Do you have “question reluctance?”
Question reluctance is certainly not confined to people who sell for a living. Most of us experience it to some degree. Consider this: Have you ever been in a situation, either professional or personal, when you had an important question to ask, and you did not ask it? In our sales courses, virtually everybody answers “Yes” to this query. Is it true for you? How many more sales could you close without question reluctance?
Many participants in these sales courses say they’re afraid to ask questions because it feels like they’re being rude or even interrogating prospective customers. Some remember painful childhood experiences when they felt interrogated. For them, questioning interactions conjure up uncomfortable images of the inquisition. The dictionary tells us that “a formal question or inquiry” is actually called an interrogation. These factors combined (childhood experiences and fear of being interrogated) often contribute to an unconscious belief that question interactions are inherently conflicted, inappropriate, and even painful. No wonder people are timid about asking questions!
While question reluctance is a common experience, salespeople often suffer from it more than others. This is partly because there are many negative perceptions about sales people, and partly because most sales systems are designed to ask manipulative questions. Such questions are usually uncomfortable to ask, prospects don’t like getting them, and resistance and objections are typically the result.
Sales questions work best when the interaction is collaborative and comfortable. This becomes the basis for building respectful, trusting, long-term sales relationships. To operate in a win-win sales frame, question reluctance must be transformed into a natural comfort and competence with asking questions.
How can you transform question reluctance?
You may not realize it, but you ask yourself questions all the time (about others and yourself). I refer to this as QuestionThinking™. Some of our internal questions cause question reluctance and others help cure it.

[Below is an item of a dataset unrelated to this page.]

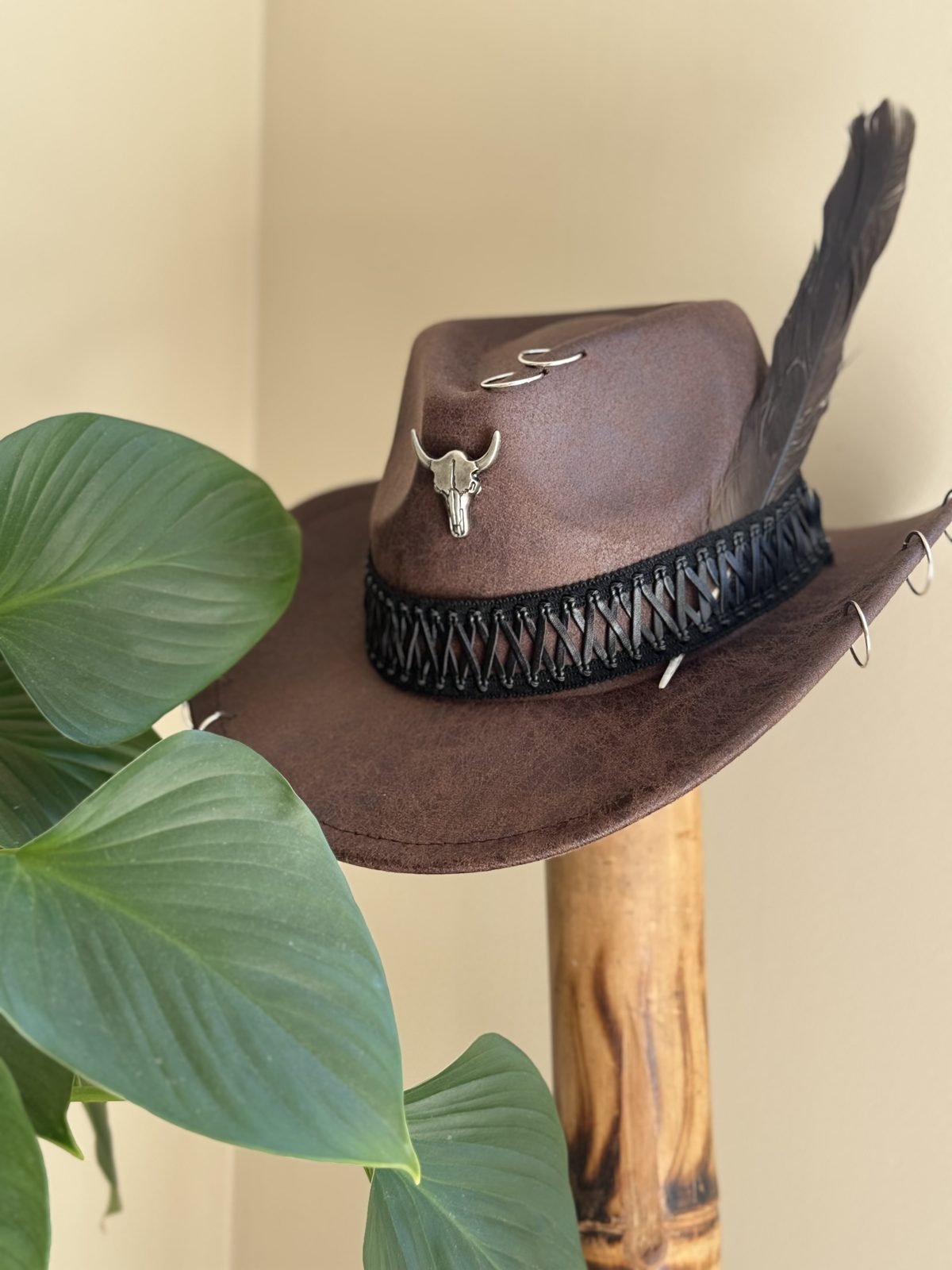 Brown wide-brim hat with bull-skull charm and raven feather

Avoid asking yourself problem-causing questions like: “Why don’t they hurry up and just say Yes?” “Will I get fired if I don’t make my numbers?” or “How am I going to mess this up?” Instead ask yourself helpful questions like: “Am I truly listening” “What do they really want?” “How can I be of service?” and “What will be a win-win?”
How can this help you make more sales?
Question reluctance is like having one foot on the brake pedal while the other is on the gas. Remove one foot and you can stop or go at your discretion. Every phase of the sales process requires asking many questions. Being comfortable and expert with asking questions helps you keep your foot on the gas all the way to your destination. A surprising bonus is that your personal life may also benefit. We have to ask and answer questions every day of our lives. Asking yourself and others empowering questions can make a positive difference everywhere in your life. Is that what you want?